The Australian Renewable Energy Agency has finally come to an agreement with the privately-owned Alinta to co-fund a feasibility study into a solar thermal power station to augment or replace the existing coal fired generators in the South Australian township of Port Augusta.
ARENA announced on Wednesday it would contribute $1million to the study, with $1.2 million to come from Alinta and a further $123,000 from the state government.
However, the study would not conclude until 2016, which may dash hopes for an earlier start to the project and a near-term replacement for the ageing Playford and Northern coal-fired power stations. Alinta recently said it wanted to extend the life of its two coal fired power stations for another two decades.
Solar thermal technology has been around for a couple of decades, but the arrival of new technology including solar power towers and molten salt storage means it is once again emerging as an exciting renewable energy option. Abengoa this year opened a 280MW parabolic trough and storage facility in California and recently announced it will build a 110MW solar power tower plant with 17.5 hours storage in Chile. It has already begun construction of a 50MW project in South Africa.
BrightSource Energy is preparing to open its 377MW Ivanpah solar tower project in California, the largest in the world, while Solar Reserve is nearing completion of its 110MW solar tower project with storage in Nevada.

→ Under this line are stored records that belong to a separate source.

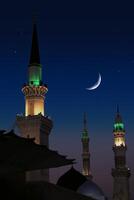 ein Moschee mit das voll Mond im das Himmel. Masjid Nabi von Medina, Moschee beim Nacht. Masjid Nabi von Medina. Grün Kuppel und Mond.. foto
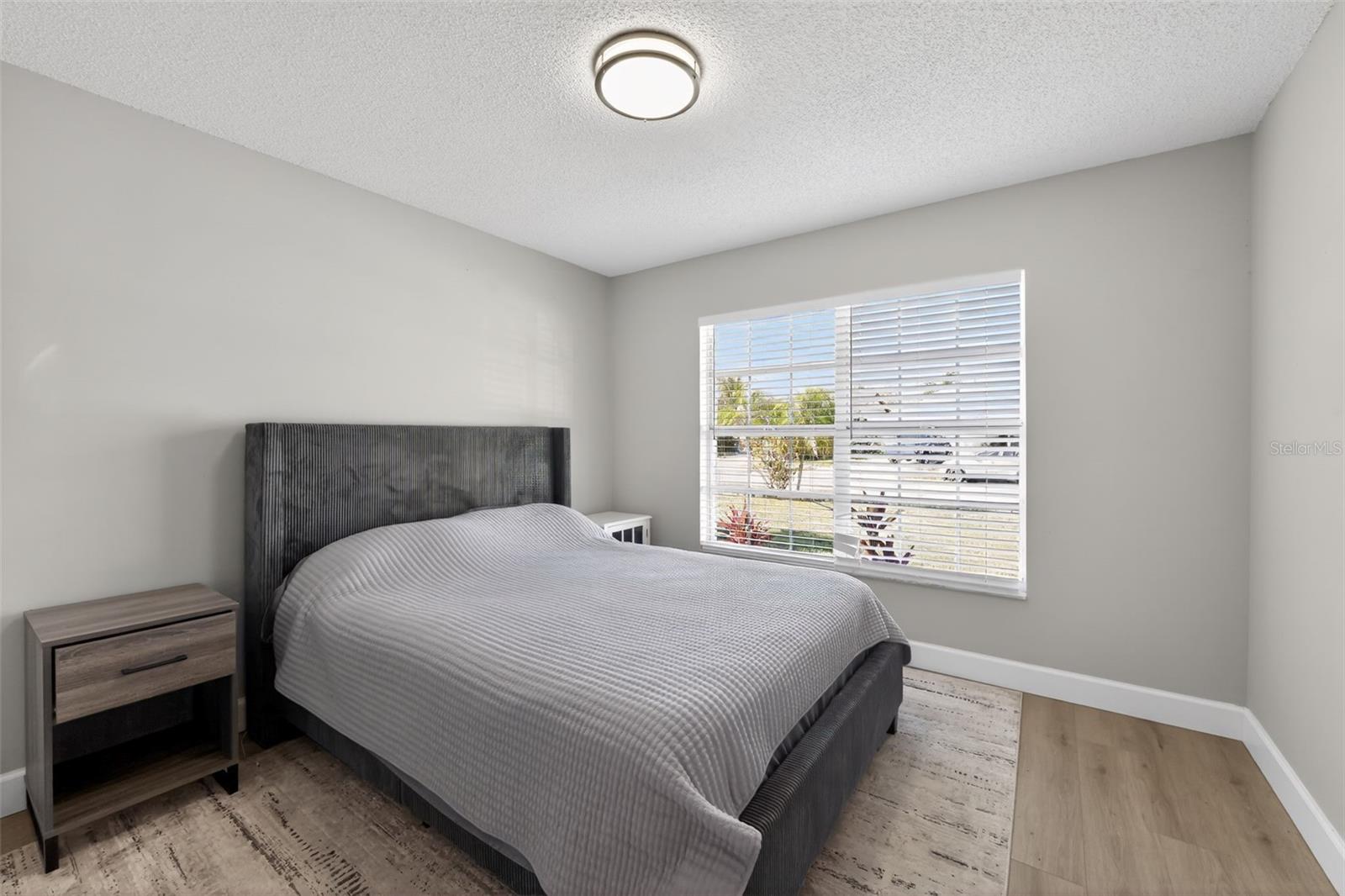 Image 24 of 30 For 501 45th Street E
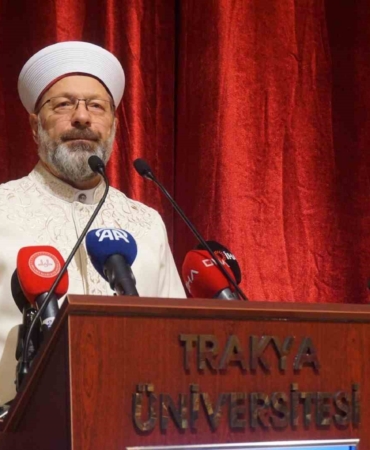 Prof. Dr. Erbaş: "İlim, bilim, hikmet ve irfan insanlığın kurtuluşu içindir"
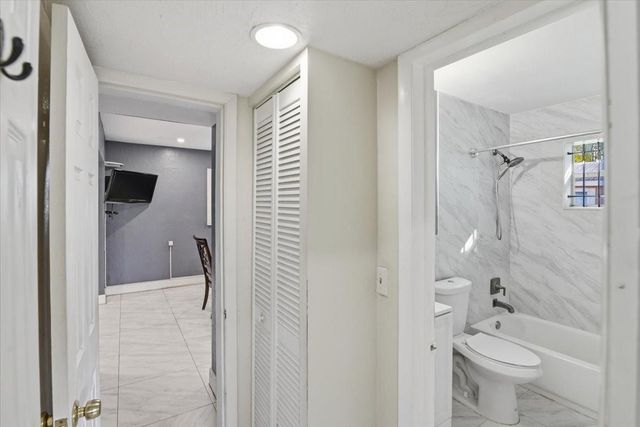 1320 NW 86th St, Miami, FL 33147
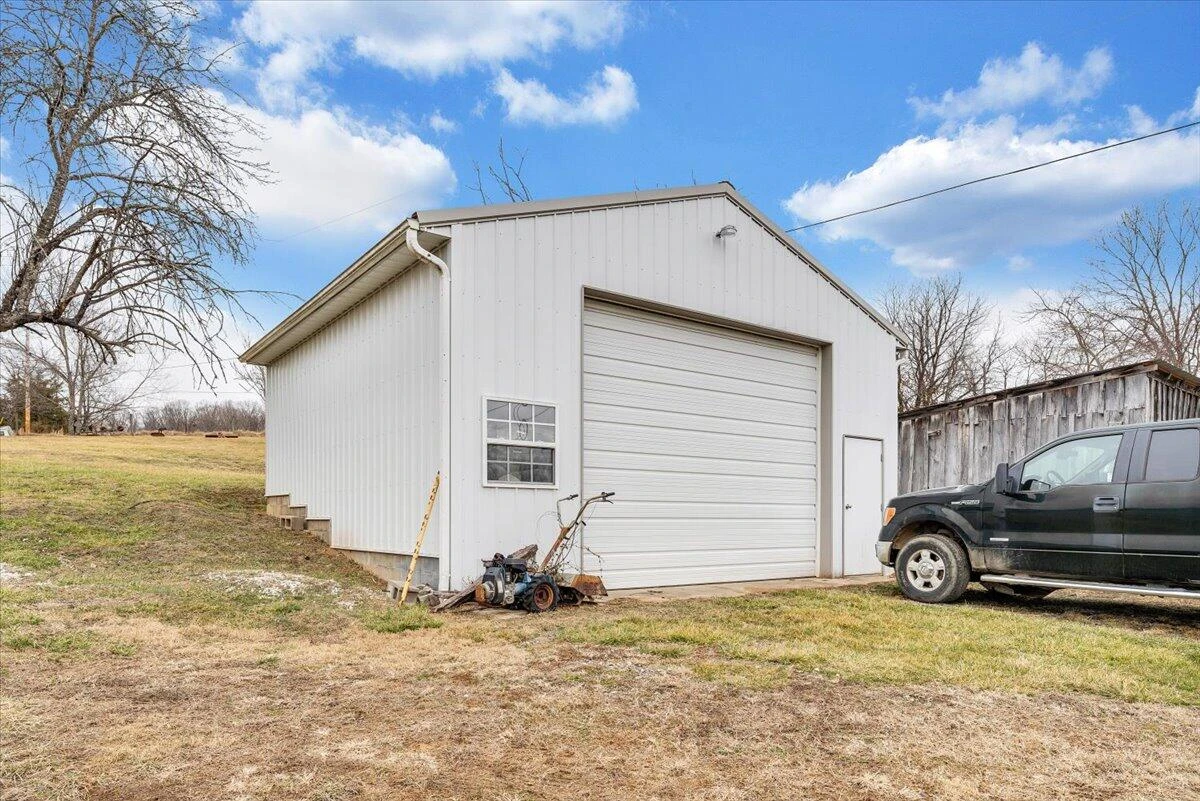 210 Nassau RD #& 148 - Photo 7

In Australia, the only major solar thermal project is a 44MW solar thermal booster to the Kogan Creek power station in Queensland, currently under construction. However, the Clean Energy Finance Corporation last year said it would support a 36MW solar thermal project in Port Augusta to provide heat and power to a giant greenhouse.
There has been a major push by the local community and green energy groups for solar thermal generation in Port Augusta. Earlier attempts at reaching agreement for a study failed last year when Alinta said it would walk away from the idea after failing to get funding. However, ARENA said at the time it did not consider the matter closed.
ARENA CEO Ivor Frischknecht said in a statement on Wednesday the feasibility study would provide an exciting opportunity to progress solar thermal in Australia.
“Tapping into our plentiful solar resources will ensure renewables are well placed to contribute to electricity generation in Australia,” he said.
“This latest partnership is an important step in our renewables journey – it complements existing solar thermal projects in Australia and will help create a framework of research, development and demonstration.”
Frischknecht said the study would look into hybridised and standalone solar thermal power generation options for Port Augusta.
“Many of our coal fired power stations are nearing the end of their life cycle, presenting a clear opportunity for renewable hybrid options,” Frischknecht said. “This timely study in South Australia will include a full feasibility stage exploring plant design, site and technical details.”
There have been other studies of hybridisation, but industry sources have told RenewEconomy that this can be difficult and costly when done with old power plants. Kogan Creek is relatively modern.
The Repower Port Augusta Alliance said a hybrid plant would not deal with our communities ongoing health concerns from the coal stations. “A solar/coal hybrid is just putting an old polluting power station on life support. Alinta and the government need to ensure we are investing in a full solution for our community which means solar thermal with storage, a technology which is operating around the world”, it said in a statement.
RenewEconomy’s view: It’s frustrating that while new solar thermal plants – with storage – are being built in the US, Chile and South Africa, and considered in China, the Middle east and north Africa, while in Australia we are committing to yet more feasibility studies, five years after the Solar Flagships program was first unveiled.
There are some reasons for this, none of them satisfactory. One is the uncertainty over carbon and clean energy policy. No large scale renewable plants can be committed to while the renewable energy target is under review, and there is a threat that the RET could be removed, or significantly diluted.
Another reason is that Alinta has an economic interest in keeping its coal-fired generators as long as possible. More renewable energy dilutes its returns, as it does for other fossil fuel generators, which is why Alinta has been one of the more aggressive opponents of keeping the RET as is. Alinta, it should be remembered, is owned by private equity interests (including TPG, the owner of Myer), and they will want to make a clean, profitable and uncomplicated exit within a few years. That may explain the length of the feasibility study.
The third is that ARENA has been stripped of more than $400 million in funds, which will make it difficult to contribute to such large scale developments. Alinta said in 2012 that it would need $65 million from the government to consider such a project. In its current budgetary straight-jacket, it is difficult to see how ARENA could afford that, despite its commitment to hybrid renewable projects. It’s much more likely to do this in remote and off-grid areas, where the costs of electricity much high, and the economics of incumbent plant are not threatened.